What is expected: No pictures belong in the copy. Retype exactly, and only, the stretch of lines below from the one with "Photo hockey match" through the one with "Plissee-Jumpsuit image number 4".
══ Source information ══
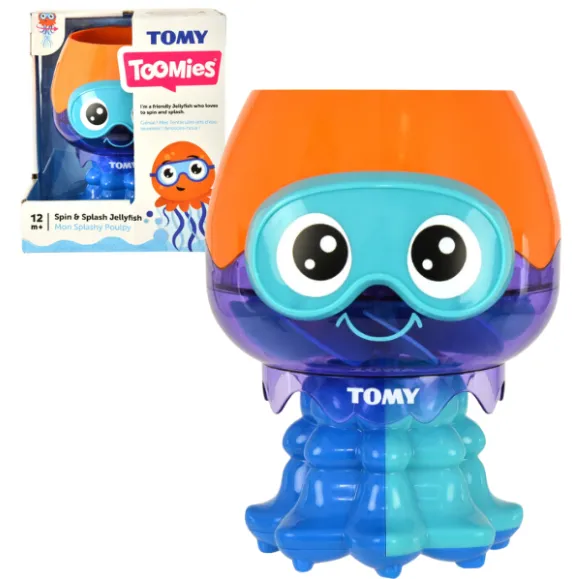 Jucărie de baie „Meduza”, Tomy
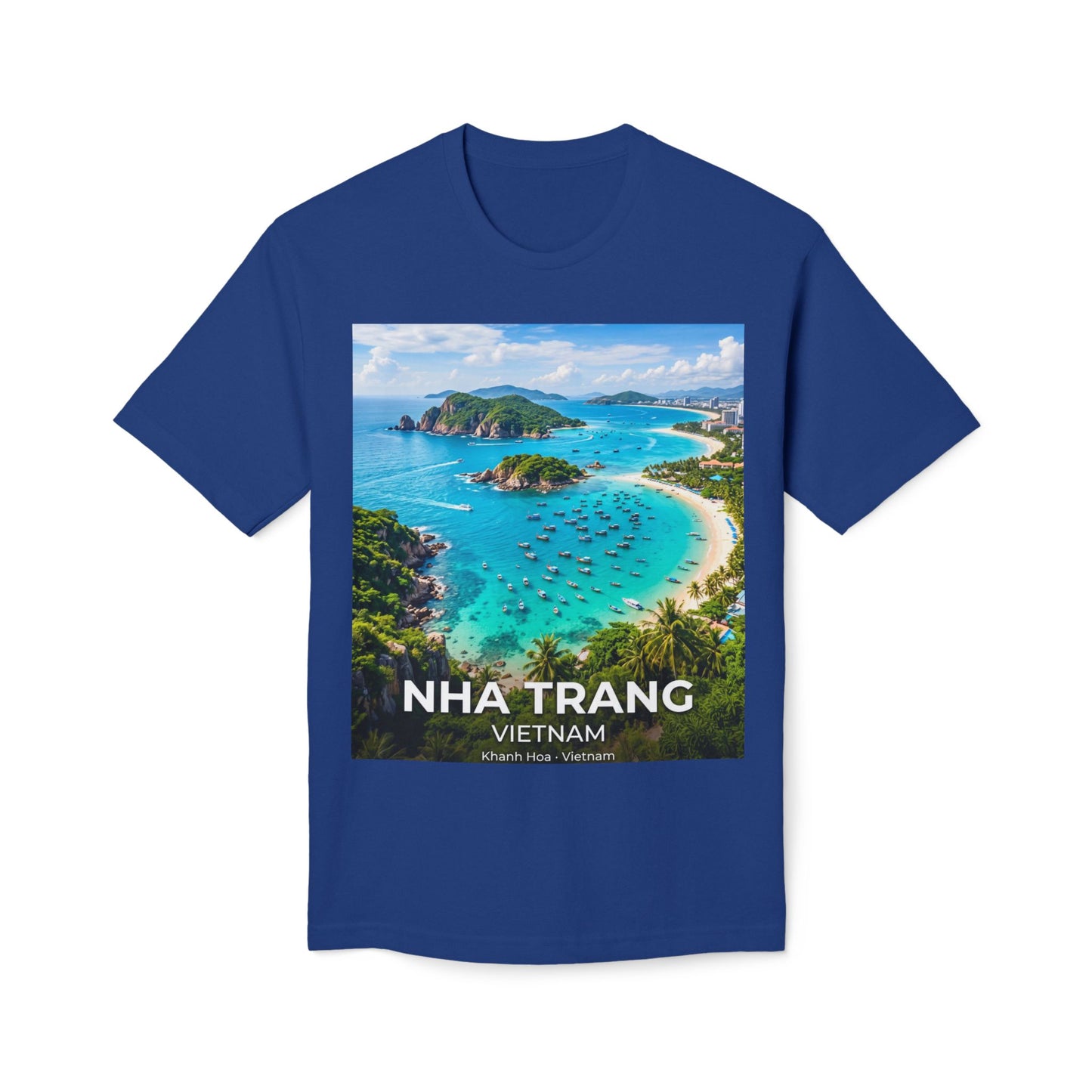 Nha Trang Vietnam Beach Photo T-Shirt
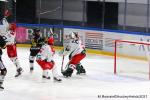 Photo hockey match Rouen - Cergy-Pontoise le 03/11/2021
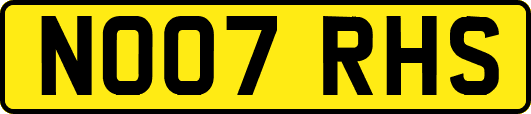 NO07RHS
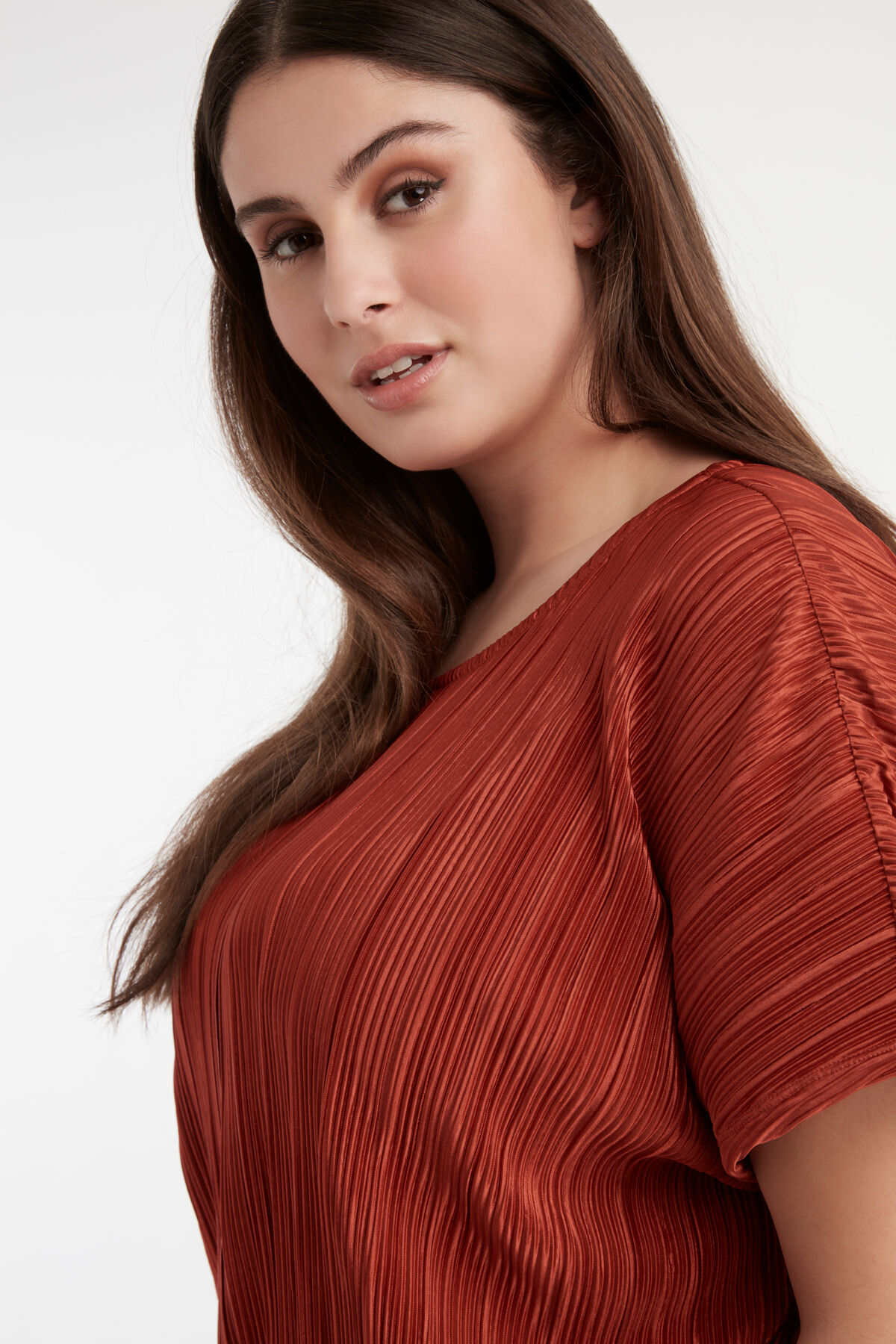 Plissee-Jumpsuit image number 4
═══
══ Source information ══
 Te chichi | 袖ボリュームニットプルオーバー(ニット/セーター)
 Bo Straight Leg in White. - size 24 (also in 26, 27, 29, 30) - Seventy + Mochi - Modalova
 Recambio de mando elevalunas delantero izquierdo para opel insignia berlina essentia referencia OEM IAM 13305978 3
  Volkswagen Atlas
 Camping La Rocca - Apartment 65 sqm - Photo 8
═══
Answer to this task:
 Photo hockey match Rouen - Cergy-Pontoise le 03/11/2021
 NO07RHS
 Plissee-Jumpsuit image number 4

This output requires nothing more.